PDF link with #page= results in "URL fragment identifier not found in content" [#2088461]

It appears that you can link to PDF documents, if the browser is using Acrobat Reader plugin, with a #page=nn URL fragment, which causes the PDF to open at the specified page (see http://helpx.adobe.com/acrobat/kb/link-html-pdf-page-acrobat.html, for example).

However this breaks linkchecker, which, although the link works in the browser, returns a 404 "URL fragment identifier not found in content" error.

wget --spider http://unfccc.int/resource/docs/2011/cop17/eng/09a02.pdf#page=16 says "200 OK" and "Remote file exists." but linkchecker says "404" and "URL fragment identifier not found in content".

This is technically correct, if we assume the URL points to an HTML document, but in this case it's a PDF and the fragment page=16 will never appear in the content. So the additional checking, and overriding of the 200 response with a 404 by linkchecker (added by #1875602: Check URL fragment identifiers in content), isn't wanted here.

Perhaps the checking added by #1875602: Check URL fragment identifiers in content should only be used if the returned document is of type text/html?

Comment	File	Size	Author
#4	Issue-2088461-by-fonant-hass-PDF-link-with-page-resu.patch	1.35 KB	hass
#4
#1	linkchecker-2088461.patch	1.45 KB	fonant
#1

Support from Acquia helps fund testing for Drupal Acquia logo

Comments

Comment #1

fonant CreditAttribution: fonant commented 13 September 2013 at 14:45

File	Size
linkchecker-2088461.patch	1.45 KB

A quick fix is to add a content-type check on the $response and check that we have a suitable text response (as requested in the Accept request header) before we check for the fragment being present.

Simple patch attached.

Comment #2

hass CreditAttribution: hass commented 13 September 2013 at 21:20

Version:	7.x-1.1	» 7.x-1.x-dev
Status:	Active	» Needs work

Please provide a git patch.

Comment #3

hass CreditAttribution: hass commented 13 October 2013 at 11:17

I'm wondering why this Accept has no effect:

    // URL contains a fragment.
    if (in_array($link->method, array('HEAD', 'GET')) && !empty($uri['fragment'])) {
      // We need the full content and not only the HEAD.
      $link->method = 'GET';
      // Request text content only (like Firefox/Chrome).
      $headers['Accept'] = 'text/html,application/xhtml+xml,application/xml;q=0.9,*/*;q=0.8';
    }

Comment #4

hass CreditAttribution: hass commented 13 October 2013 at 11:21

Status:

Needs work

» Needs review

File	Size
Issue-2088461-by-fonant-hass-PDF-link-with-page-resu.patch	1.35 KB

Attaching Git patch

Comment #5

hass CreditAttribution: hass commented 13 October 2013 at 11:35

Status:

Needs review

» Fixed

http://drupalcode.org/project/linkchecker.git/commit/82c810a

Comment #6

hass CreditAttribution: hass commented 13 October 2013 at 11:35

Version:	7.x-1.x-dev	» 6.x-2.x-dev
Status:	Fixed	» Patch (to be ported)

Comment #7

hass CreditAttribution: hass commented 13 October 2013 at 11:37

Status:

Patch (to be ported)

» Fixed

http://drupalcode.org/project/linkchecker.git/commit/0eaf68b

Comment #8

fonant CreditAttribution: fonant commented 17 October 2013 at 10:35

That Accept does have an effect, but it says:

"Prefer text/html or application/xhtml+xml resources (with a preference of 100%), if not then application/xml resources (with a preference of 90%), but if they aren't available I'm happy with any resource type that matches the request URL (with a preference of 80%).

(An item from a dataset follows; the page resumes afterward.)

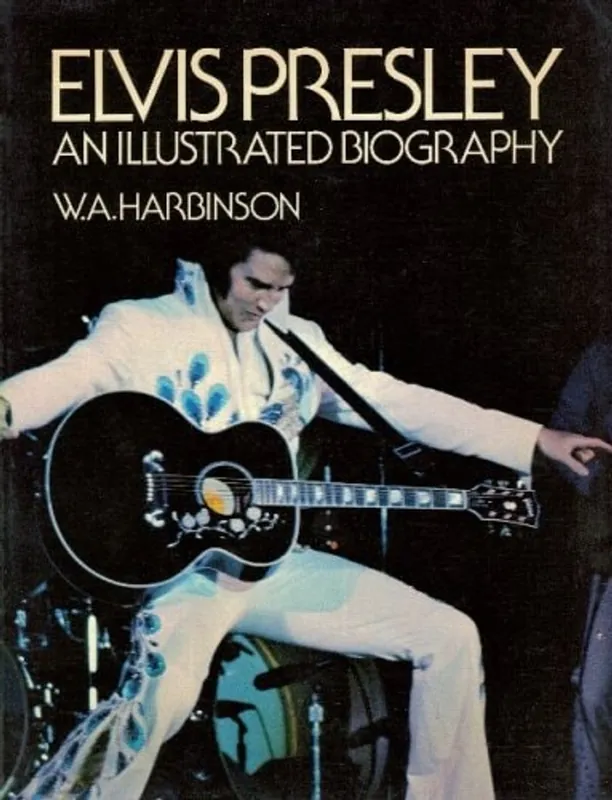 Betrouwbaar Elvis Presley An Illustrated Biography - W. A. Harbinson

It's a little easier to read if you insert spaces, as commas separate the options. The semicolons have lower precedence, and are used to specify the relative weighting of each option: 'text/html, application/xhtml+xml, application/xml;q=0.9, */*;q=0.8'

This is good, because we _do_ want to be able to test for the existence of non-text resources, such as images and PDF files.

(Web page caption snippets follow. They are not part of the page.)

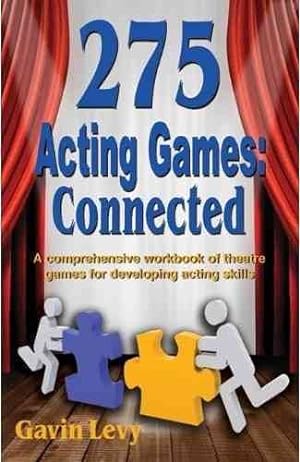 Seller image for 275 Acting Games: Connected : A Comprehensive Workbook of Theatre Games for Developing Acting Skills for sale by GreatBookPrices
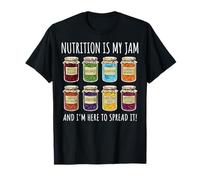 Nutrition Is My Jam and I'm Here To Spread It Fitness Camiseta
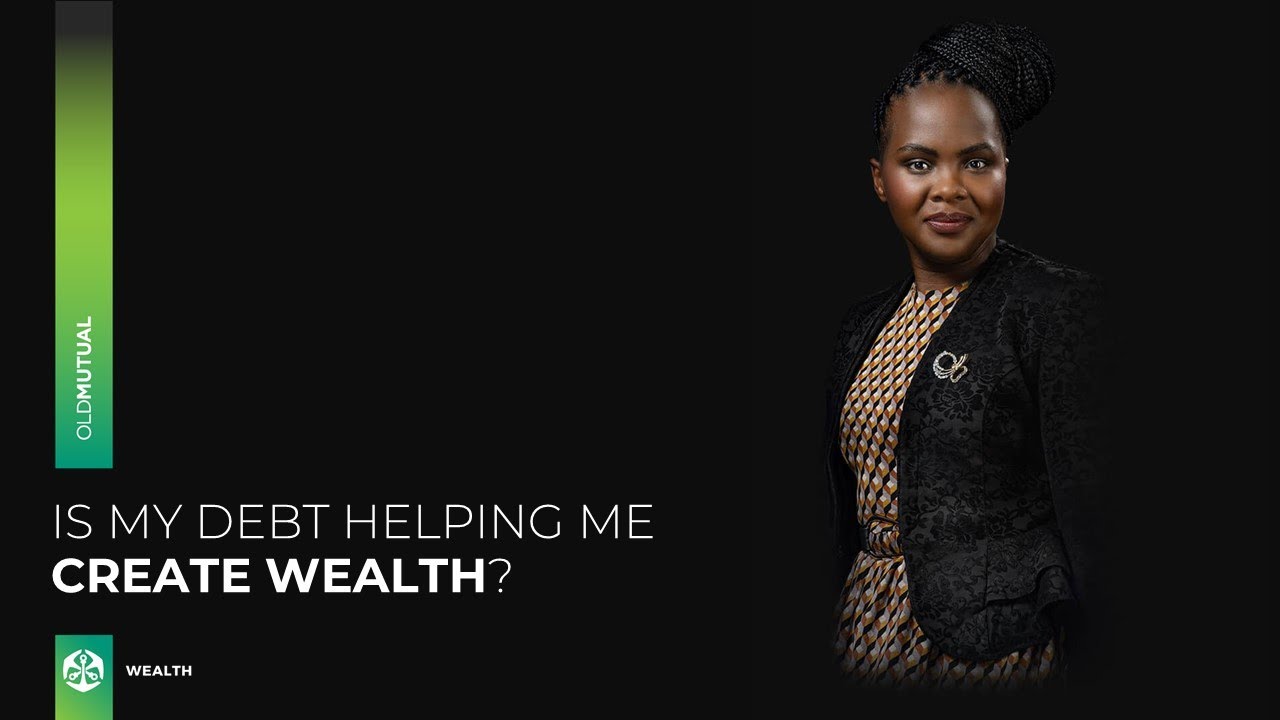 Is my debt helping me create wealth?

The problem is merely in assuming that the response is HTML if there is a "#" in the URL, which is mostly the case, but not always: Acrobat allows the use of # to indicate a page number in a PDF.

Comment #9

hass CreditAttribution: hass commented 17 October 2013 at 13:54

Yeah, I know, but I expected that the server may throw an error if I request foo and he can only deliver bar... however never tested it :-). This hopefully works now.